Closed mipac closed 10 months ago

mipac commented 2 years ago

it would be great to use std type like vector or complex how can we define a list of tests to measure the performance or precision differences ?

dancazarin commented 1 year ago

Upcoming KFR 5.x will accept any user or standard type as KFR expression as long as a special trait class is implemented. So using std::vector in any context where an expression or univector is required will be perfectly possible.

dancazarin commented 10 months ago

There are no precision differences for complex and vector types in KFR and std. Runtime performance should be very similar too. The only difference is that univector uses cache-aligned allocation (which is good for SIMD too) and contains some helper functions and classes (assigning from expressions, operators etc). The memory layout is exactly the same as in std::vector<T, kfr::data_allocator<T>>, so one can reinterpret_cast it to vector type and vice-versa. Strictly speaking it's an UB but works very well with all compilers in the wild. With KFR_USE_STD_ALLOCATION kfr::data_allocator becomes an alias for std::allocator<T>, so univector becomes a class derived from a regular std::vector<T>. But regardless of all above in KFR 5 you can add expressions semantics (and SIMD performance) for any type, including custom containers etc.

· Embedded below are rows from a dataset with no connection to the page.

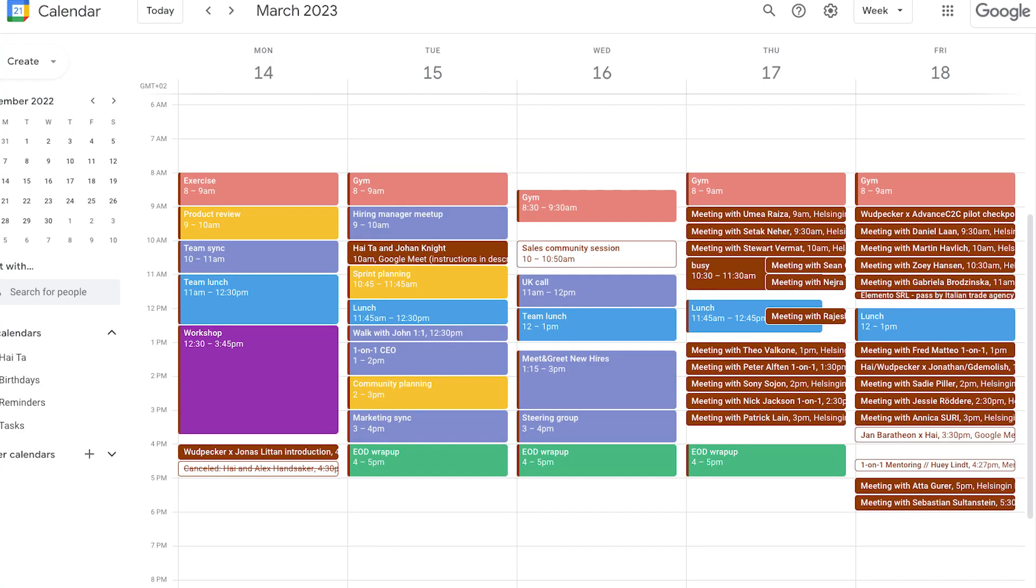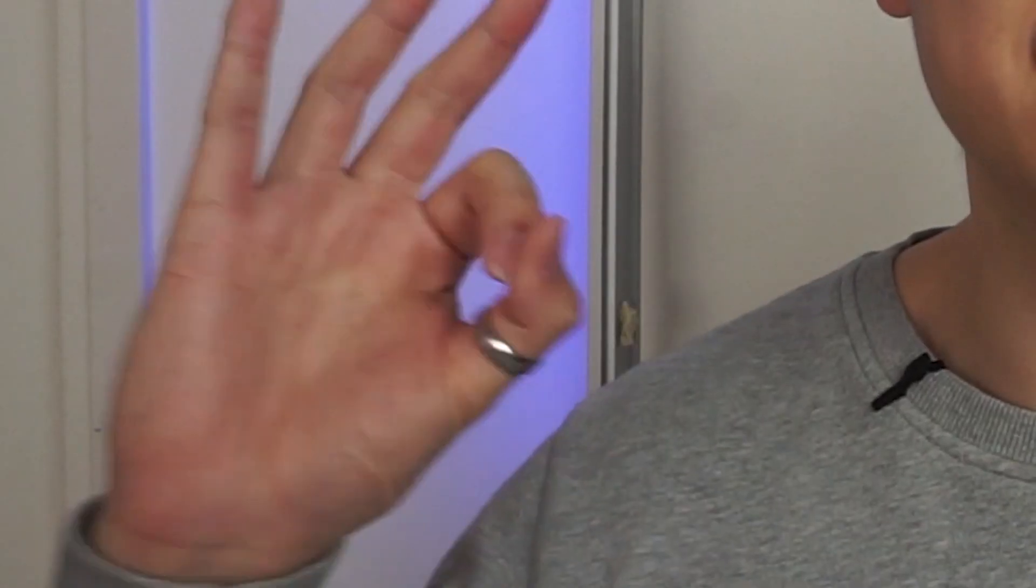Now, if your calendar looks anything like this, then you're in the right place because it means you have zero time to prep for meeting agendas and you have zero time to take proper notes. But you want to have productive meetings with actionable outcomes, right?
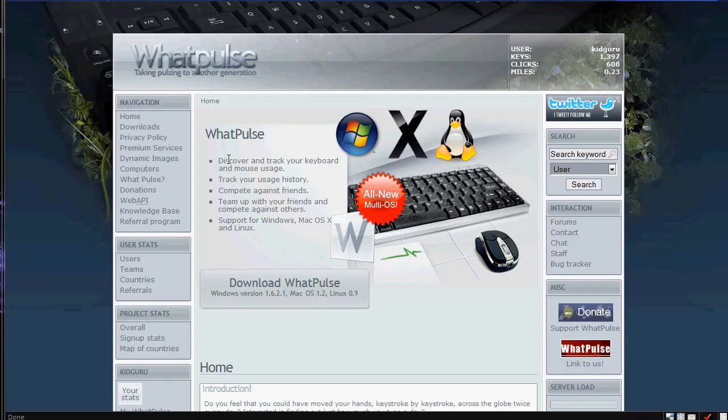it discovers and tracks your keyboard and mouse usage, tracks your usage history, you can compete against friends, team up with friends to go compete against others, and support for Windows, Mac, OS X, and Linux, so it's multi-OS.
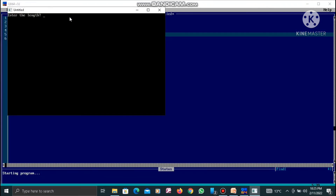Now you can see what is to the left of the question mark — it says 'Enter the length'. So I am going to enter the length, which is 6, and press the Enter key. Now the second prompt says our breadth. So the breadth will be 8 and again I press Enter. Now you will see the output is 48, and to the left it says 'Area of rectangle equals to 48'.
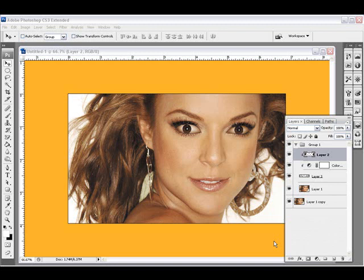Good morning Photoshop fans. My name is Ali Baba and in this video tutorial we're going to learn how to make eyes wiggle. That's right, wiggle. And this is the effect we are going for.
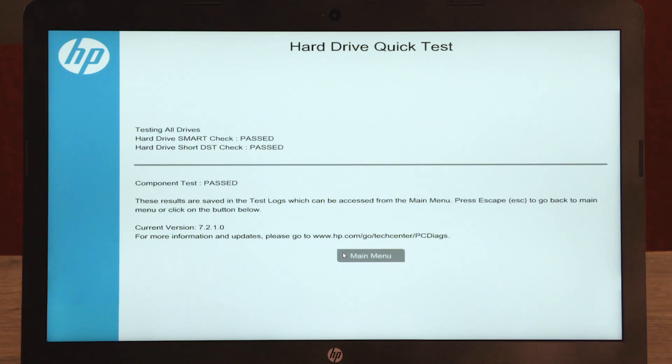If the hard drive passes the quick test but you are still experiencing issues, run the extensive test. This can take up to two hours.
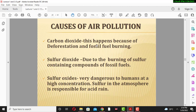Deforestation means the removal or cutting of forests. Another air pollutant is sulfur dioxide gas, produced by the burning of sulfur-containing compounds in fossil fuels. For example, the burning of coal produces a large amount of sulfur dioxide gas in the atmosphere. Coal is a major source of sulfur dioxide, which is dangerous to humans at high concentrations.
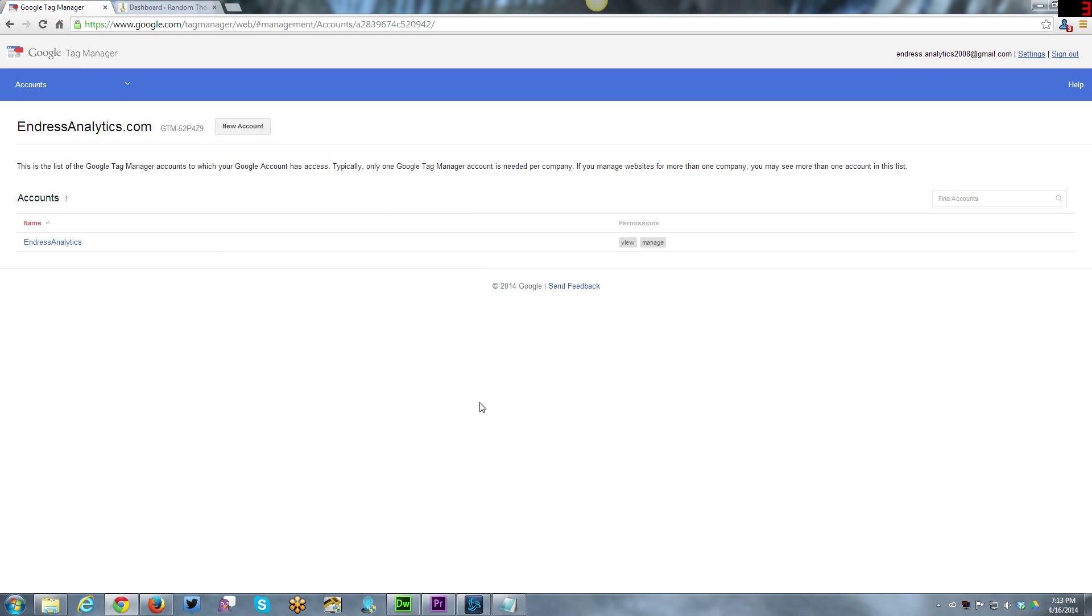Hello again and welcome back to my tutorials. This is Gabby with Endress Analytics and this week I've decided to do a tutorial on how to implement Google Analytics using Google Tag Manager. As a sidebar, I'm also going to be showing how to do this with WordPress because my sites are all done with WordPress.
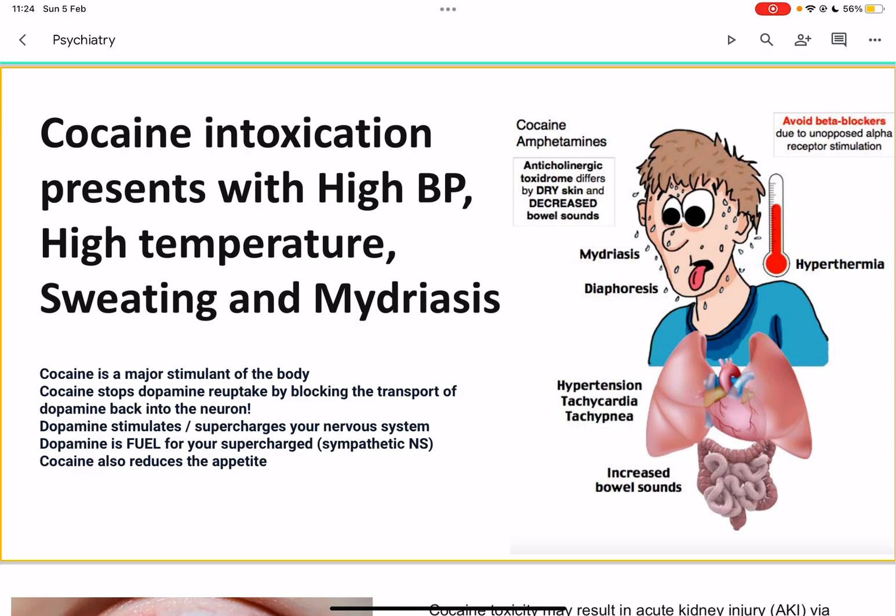Cocaine also reduces your appetite. Looking at the diagram, you can see hyperthermia, mydriasis with dilated pupils, and diaphoresis — sweating.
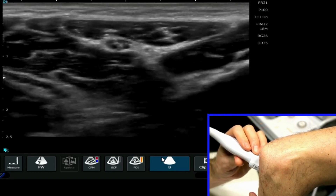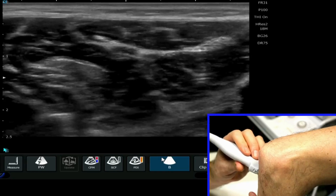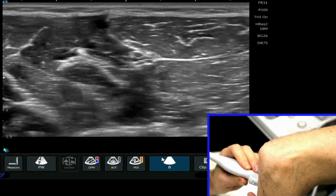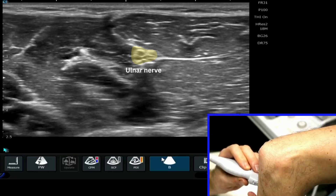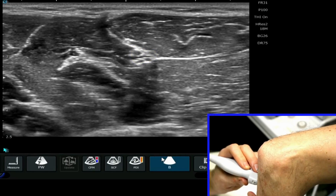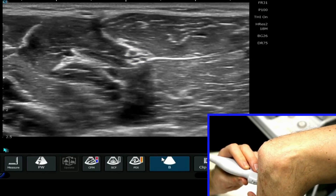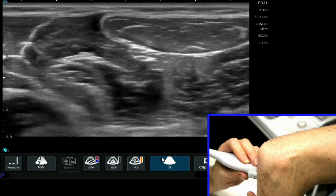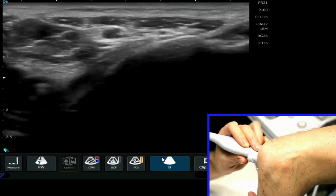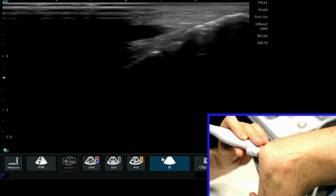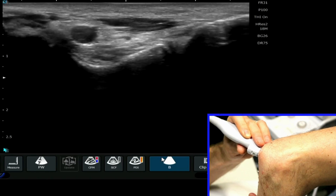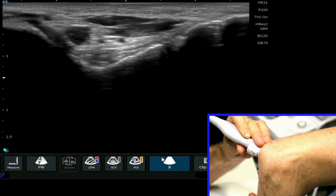As I scan down, the ulnar nerve becomes very much more apparent, sitting here below the two heads of the flexor carpi ulnaris. I'll bring the probe back up into the cubital tunnel, and now it's much easier to see that ulnar nerve.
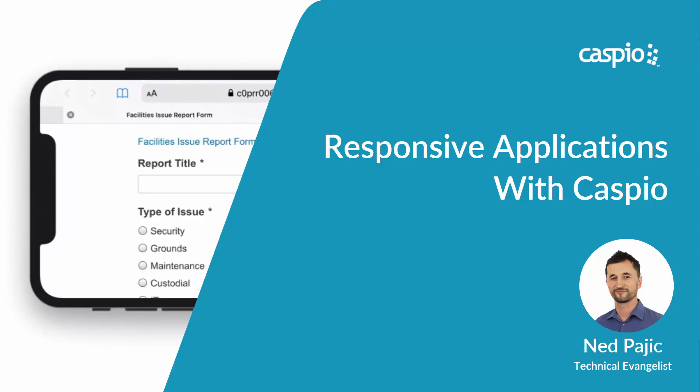Hello, welcome to this video tutorial. Let's see how we can make responsive applications for smartphones and other mobile devices with Caspio.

This is the example of doing this for std::array

// should be in kfr namespace
template <typename T, size_t N1>
struct expression_traits<std::array<T, N1>> : expression_traits_defaults
{
    using value_type             = T;
    constexpr static size_t dims = 1;

    constexpr static shape<1> get_shape(const std::array<T, N1>& self) { return shape<1>{ N1 }; }
    constexpr static shape<1> get_shape() { return shape<1>{ N1 }; }

    template <index_t Axis, size_t N>
    friend KFR_INTRINSIC vec<T, N> get_elements(const std::array<T, N1>& CMT_RESTRICT self, const shape<1>& index,
                                                const axis_params<Axis, N>&)
    {
        const T* CMT_RESTRICT const data = self.data();
        return read<N>(data + index[0]);
    }
    template <index_t Axis, size_t N>
    friend KFR_INTRINSIC void set_elements(std::array<T, N1>& CMT_RESTRICT self, const shape<1>& index,
                                           const axis_params<Axis, N>&, const identity<vec<T, N>>& val)
    {
        T* CMT_RESTRICT const data = self.data();
        write(data + index[0], val);
    }
};